| Instructions for the task |
Would you return exactly the lines below from the line with "We adopted Clark's" through the line with "We're not quite", both included, and nothing else, leaving out the pictures?

====== Exercise materials ======

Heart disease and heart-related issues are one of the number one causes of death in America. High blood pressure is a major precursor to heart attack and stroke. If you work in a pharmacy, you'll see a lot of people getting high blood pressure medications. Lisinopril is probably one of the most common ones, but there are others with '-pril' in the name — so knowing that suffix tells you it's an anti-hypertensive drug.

======
====== Exercise materials ======

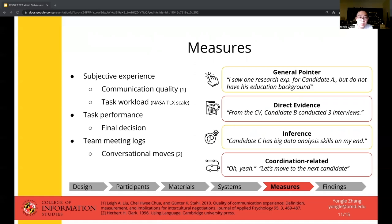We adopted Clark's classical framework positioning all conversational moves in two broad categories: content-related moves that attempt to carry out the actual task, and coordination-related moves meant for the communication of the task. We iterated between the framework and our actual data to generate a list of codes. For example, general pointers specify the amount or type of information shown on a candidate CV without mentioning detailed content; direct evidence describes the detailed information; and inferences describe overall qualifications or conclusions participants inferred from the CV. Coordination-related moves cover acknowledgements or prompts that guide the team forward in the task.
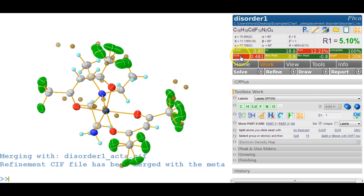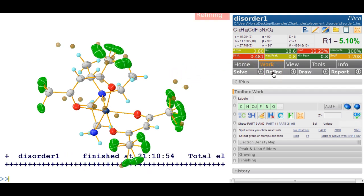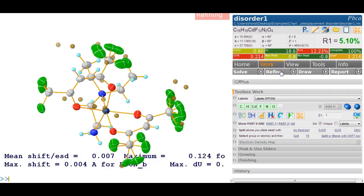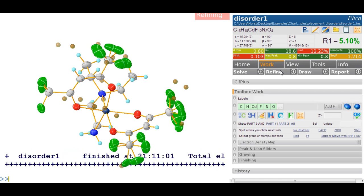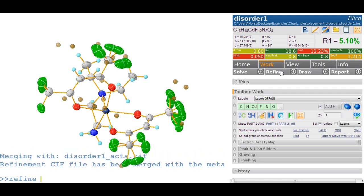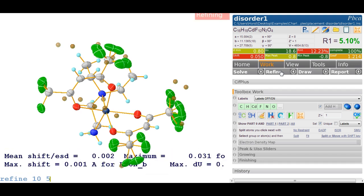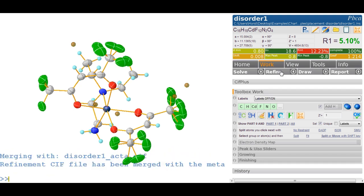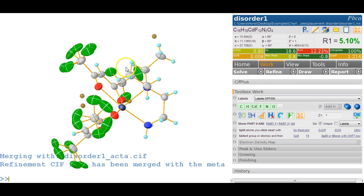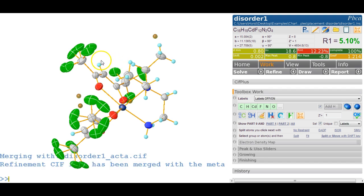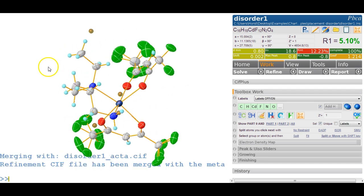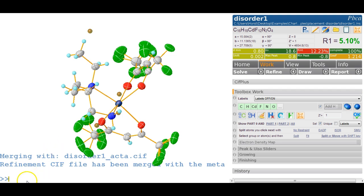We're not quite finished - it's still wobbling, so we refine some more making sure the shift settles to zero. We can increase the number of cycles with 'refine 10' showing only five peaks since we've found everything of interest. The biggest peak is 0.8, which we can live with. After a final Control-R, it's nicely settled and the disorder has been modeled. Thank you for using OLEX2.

======
====== Exercise materials ======

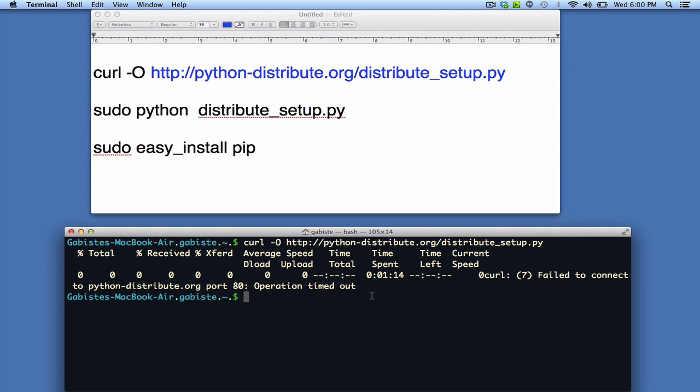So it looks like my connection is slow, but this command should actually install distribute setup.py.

======

| Written solution |
We adopted Clark's classical framework positioning all conversational moves in two broad categories: content-related moves that attempt to carry out the actual task, and coordination-related moves meant for the communication of the task. We iterated between the framework and our actual data to generate a list of codes. For example, general pointers specify the amount or type of information shown on a candidate CV without mentioning detailed content; direct evidence describes the detailed information; and inferences describe overall qualifications or conclusions participants inferred from the CV. Coordination-related moves cover acknowledgements or prompts that guide the team forward in the task.
We're not quite finished - it's still wobbling, so we refine some more making sure the shift settles to zero. We can increase the number of cycles with 'refine 10' showing only five peaks since we've found everything of interest. The biggest peak is 0.8, which we can live with. After a final Control-R, it's nicely settled and the disorder has been modeled. Thank you for using OLEX2.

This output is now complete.